What does this mean for policy?

Past policies that increase the duration of compulsory education have improved health and such endeavours must continue. However, intervening directly in education is difficult to achieve without social and political reforms.

Although we did not directly look at the impact of interventions in this area, our work suggests that by intervening on these three risk factors, we could reduce the number of cases of heart disease attributable to lower levels of education. Public health policy typically aims to improve health by preventing disease across the population. However, perhaps a targeted approach is required to reduce the greatest burden of disease.

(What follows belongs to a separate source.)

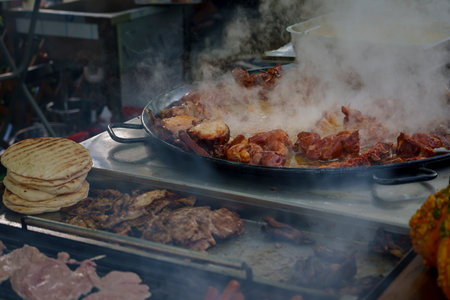 Slices of grilled and roasted meat sizzle in a pan over high heat, surrounded by steam and stacked...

In order to achieve maximum reductions in heart disease we now need to i) identify what other intermediate factors may be involved and ii) work to understand how effective interventions could be designed to reduce levels of BMI, blood pressure and smoking in those who leave school earlier. Additionally, our work looked at predominantly European populations, therefore replicating analyses on diverse populations will be important to fully understand the population impact.

We hope this work provides a starting point for considering how we could reduce the burden of heart disease in those most at risk, and work to reduce health inequalities.